Le rapport que je vous présente aujourd'hui résulte d'échanges approfondis avec des interlocuteurs représentant les différents acteurs de la gestion de la dette publique et des marchés financiers : les services du ministère de l'économie et des finances - en particulier l'Agence France Trésor (AFT) -, la Banque de France, des banques-conseils et des banques spécialistes en valeurs du Trésor, chargées de placer la dette française. De même, mes travaux m'ont conduit à auditionner, dans une perspective internationale et comparée, des institutions étrangères, à savoir la Banque d'Angleterre, le Debt Management Office britannique et l'International Capital Market Association.

Je commencerai par une présentation générale de la structure de détention de la dette de la France, avant de mettre en évidence les principaux enjeux soulevés par le mode de financement de notre endettement.

À cet égard, je tiens à clarifier un point de méthode, car il est difficile de savoir qui détient la dette française : les titres de dette de l'État sont des titres de créances négociables qui s'échangent librement sur les marchés financiers. L'AFT se charge de l'émission primaire : par construction, nous savons donc qui achète les titres émis par l'Agence. Mais ceux-ci peuvent ensuite être échangés sur le marché secondaire : dès lors, l'État n'est pas en mesure de connaître à tout instant les investisseurs dans sa dette. Néanmoins, il peut s'appuyer sur deux enquêtes statistiques récurrentes, menées respectivement par la Banque de France et par le Fonds monétaire international (FMI).

Suivant cette approche, plusieurs types d'acteurs financiers peuvent être identifiés au sein de la structure de détention de la dette de la France. Ainsi, selon les données de la Banque de France, au premier trimestre 2025, cette dernière se décomposait entre : des investisseurs non-résidents - comprenant pour moitié des investisseurs de la zone euro et pour moitié des investisseurs hors zone euro -, pour 54,7 % ; des compagnies d'assurance françaises, pour 9,8 % ; des établissements de crédit français, également pour 9,8 % ; des organismes de placement collectif en valeurs mobilières (OPCVM) français, pour 1,7 % ; enfin, d'autres investisseurs français, essentiellement la Banque de France pour le compte de la Banque centrale européenne (BCE), pour 24,4 %.
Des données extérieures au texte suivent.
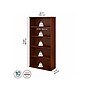 Bush Business Furniture Studio C 73"H 5-Shelf Bookcase with Adjustable Shelves, Hansen Cherry Laminated Wood (SCB136HC-Z)~#|#~sp105964616_sc7
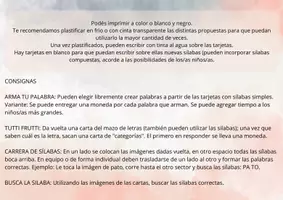 Vista previa - Unidades / Secuencias / Situaciones de Aprendizaje - Juegos de Lectoescritura "Sílabas I" - página 2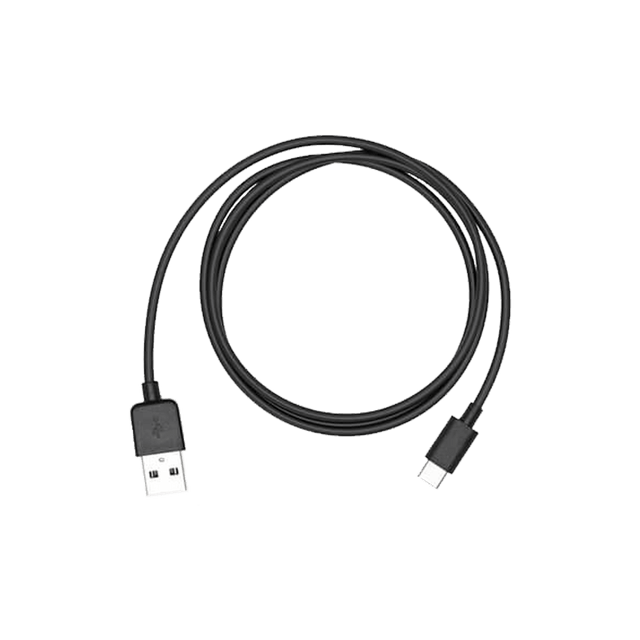 Кабель USB-A — USB-C чёрного цвета для подключения, зарядки и передачи данных устройств DJI
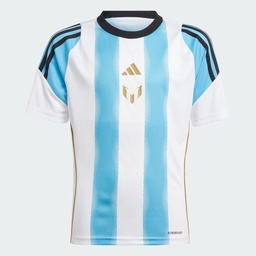 MESSI TRAINING JERSEY KIDS - White / Semi Blue Burst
De fait, la détention de la dette publique par des investisseurs non-résidents a fortement augmenté au cours de la décennie 2000-2010.

Entre 1996 et mi-1998, les non-résidents détenaient moins de 30 % de la dette des administrations centrales. Cette part a ensuite augmenté régulièrement jusqu'à un pic de 66,4 % en 2009, avant de connaître une baisse à partir de 2015 sous l'effet du programme d'achat de titres publics de l'Eurosystème, pour atteindre un creux à 47,5 % fin 2021. Depuis lors, la détention par les non-résidents augmente de nouveau progressivement pour atteindre 56 % aujourd'hui.

Est-ce bon ou mauvais signe ? Mes interlocuteurs me l'ont tous confirmé : la diversification de la typologie et de l'origine géographique des investisseurs en dette française reflète l'attractivité de la signature de la France. Notre pays est le premier émetteur de titres de dette de la zone euro. Il représente également le premier marché pour la dette secondaire ; or les investisseurs institutionnels sont heureux de pouvoir revendre leurs titres.

Attirer des investisseurs étrangers permet d'élargir la base de financement, de ne pas dépendre uniquement des investisseurs nationaux et, plus concrètement, de baisser les taux à l'émission et par conséquent la charge d'intérêt de la dette.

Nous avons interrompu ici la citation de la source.